Os dois iniciam uma viagem de aventura ao se aperceberem que formam uma boa dupla. Django aprende a arte e torna-se um caçador de prémios com um único objectivo em vista: encontrar e recuperar a sua mulher, que é também uma escrava. Ambos tentaram fugir e, depois de serem apanhados, foram vendidos separados.
Agora com a sua condição de homem negro livre, com as novas competências e com a companhia do doutor, Django reúne todas as condições para salvar Broomhilda.
Hildi, como era frequentemente chamada, encontra-se, como não podia deixar de ser, na maior e mais aterradora plantação do Mississipi: Candyland. O seu proprietário é um homem detestável, Calvin Candie, personificado por Leonardo DiCaprio. Faço uma ressalva para este desempenho irrepreensível.
Samuel L. Jackson tem um lugar bastante original: é um escravo especial, um confidente de Mr. Candie, que é discrimina Django muito mais do que os "senhores brancos".
Há que fazer menção relativamente à realização "tarantiniana", que é uma marca irrefutável da indústria cinematográfica. Assim sendo, para os leitores que já viram algum filme da autoria de Quentin Tarantino, desde Pulp Fiction (1994) a Inglorious Basterds (2009), sabem com o que contar: uma violência extrema, capaz de agredir espectadores mais sensíveis (e até aqueles que nem por isso). Assim sendo, não é de estranhar que ao longo do filme as personagens sejam brutalmente exterminadas, incluindo "baldes" de sangue a jorrar espectacularmente.

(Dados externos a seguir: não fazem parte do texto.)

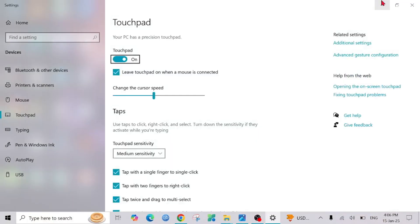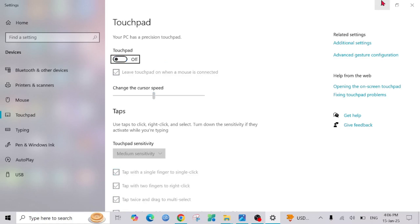That will bring you to this section. Here, the problem might be that your cursor pad is off like this. To turn it on, all you have to do is press the space bar and it will turn back on.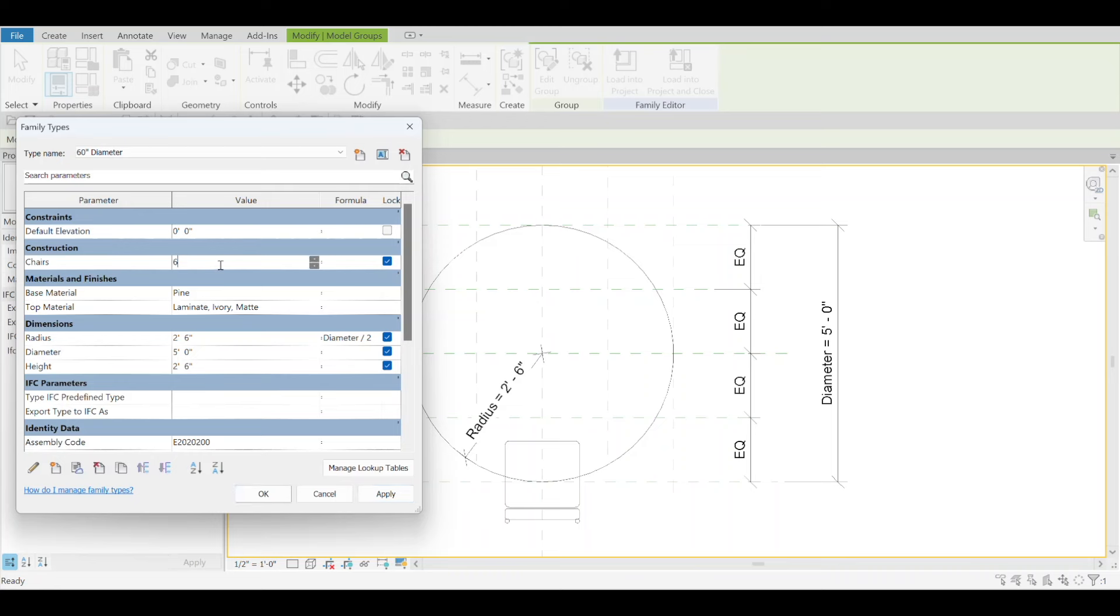It's not going to be something that all users are going to realize, but for those of you making families, you're definitely going to enjoy this one.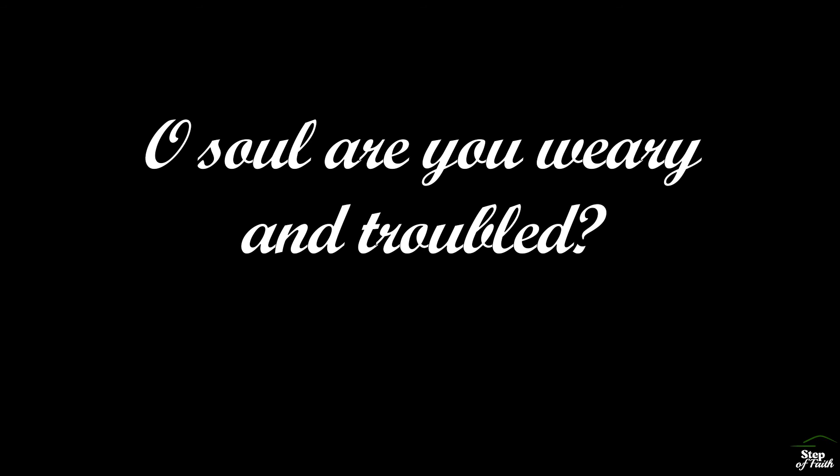Oh soul, are you weary and troubled? No light in the darkness you see. There's light for a look at the Savior and life more abundant and free.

Apesar de tudo, o final é feliz: balanço da película mostra-se positivo, valendo, sem dúvida, a pena vê-la pelo menos no cinema.
Ora aqui está um tema inesperado nos dias que correm... Poucos filmes tocam no assunto da escravatura e menos ainda o fazem com a descontração habitual do cinema do séc. 21 e o estilo divinamente grotesco de Tarantino.